Literary Lives
Mutability and Mortality
The equivocal title of Frederick Turner’s latest collection of poems calls attention to the rich web of associations that hold this luminous book together. Latter Days most pointedly denotes the last stages of a person’s life; the poet, not shying away from his circumstances, presents himself in “A Japan Journal, May 2018” as an “ancient primate” and “the old professor,” the personae that govern nearly every one of the poems. But “latter days” suggests more broadly the end-times of the planet. Many of the poems are composed in the context of the COVID pandemic, and Turner links his personal end-time to intimations of global catastrophe.
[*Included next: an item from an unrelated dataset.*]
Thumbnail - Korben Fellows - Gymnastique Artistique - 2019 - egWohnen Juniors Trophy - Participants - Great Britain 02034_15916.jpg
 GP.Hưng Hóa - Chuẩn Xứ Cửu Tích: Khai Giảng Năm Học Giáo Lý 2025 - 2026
Finally, “latter day” carries the sense of someone or something that is a contemporary version of something from the past; Turner often depicts himself as “a live anachronism,” a latter-day poet. “I compose in cadences outworn,” he writes in “A ‘Sonnet’ for Leopardi,” self-consciously using forms and meters that are out of fashion and that, from the perspective of publishers and MFA programs, seem to belong to earlier eras. The poems of Latter Days are suffused with these personal, apocalyptic, and anachronistic senses of aging, existential threat, and traditionalist artistic choices—and often all three senses will be found harnessed together, as in the closing couplet of “Indian Summer”: “This is an old man’s poem, with plodding rhymes, / An Indian-summer poem, in troubled times.”